His comments endorsed remarks by a rebel source who said that efforts by foreign states were under way to encourage defections from the alliance, to break it up, isolate it and reduce its capacity to oppose any Turkish military deployment.

“With regards to Nusra, they are working to weaken it through intelligence operations,” the source told Reuters. Those could include assassinations and campaigns to undercut the group’s popular support, the source said.

The aim was to encourage jihadist fighters who are not members of al Qaeda to “melt into society”.At least two million people live in Idlib, the largest populated Syrian area held by rebels - including some nationalist Free Syrian Army factions who sometimes fought alongside jihadists.

The province’s population has ballooned as thousands of civilians and combatants have left areas seized by the Syrian army in other parts of the country, with the help of Russian jets and Iran-backed militias.


Turkey already controls a swathe of northern Syria east of Idlib following a military incursion in 2016. The rebel source said up to 2,000 fighters being trained by Turkish forces could deploy to Idlib, where many people have close ties to Turkey and could welcome a Turkish presence.

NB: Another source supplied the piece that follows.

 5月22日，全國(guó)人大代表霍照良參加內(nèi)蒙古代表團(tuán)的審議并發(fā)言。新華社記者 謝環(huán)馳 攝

Turkey has called for the overthrow of President Bashar al-Assad and supported several rebel factions, but has recently worked with Iran and Russia, both strong supporters of Assad, to stem the violence in Syria’s six-year conflict.

Comparing the array of factions fighting Assad to a divided family, Cavusoglu said it was vital to avoid indiscriminate bloodshed and criticized the continued Russian and Syrian air strikes in Idlib which he said were killing civilians.

“Think of a family with four sons,” he said in a televised interview. “Two of them are members of the Free Syrian Army, which everybody supports, one is not related to anything and the last one is a member of a terror organization.

“What do we do? Will we bomb this family and kill them all; the mother, father and small children? We have to determine the one and separate him from the others”.

Cavusoglu said work to separate the jihadists from other factions had been “going on rapidly”, but needed meticulous application and would require broad international support.

Tahrir al-Sham, which was formed in January, has been hit in recent months by the breakaway of two of its significant fighting factions, Nour el-Din al-Zinki and Jaish al-Ahrar.

In a change of leadership announced on Sunday, Abu Mohammad al-Jolani, the head of Nusra Front, assumed command of Tahrir al-Sham after Abu Jaber al-Sheikh quit that post. Tahrir al-Sham gave no reason for the resignation, adding in a statement that al-Sheikh had been appointed head of its Shura Council.

Insurgent sources in northwest Syria say ideological divisions between the groups that form Tahrir al-Sham have been a big factor leading to the departure of some members.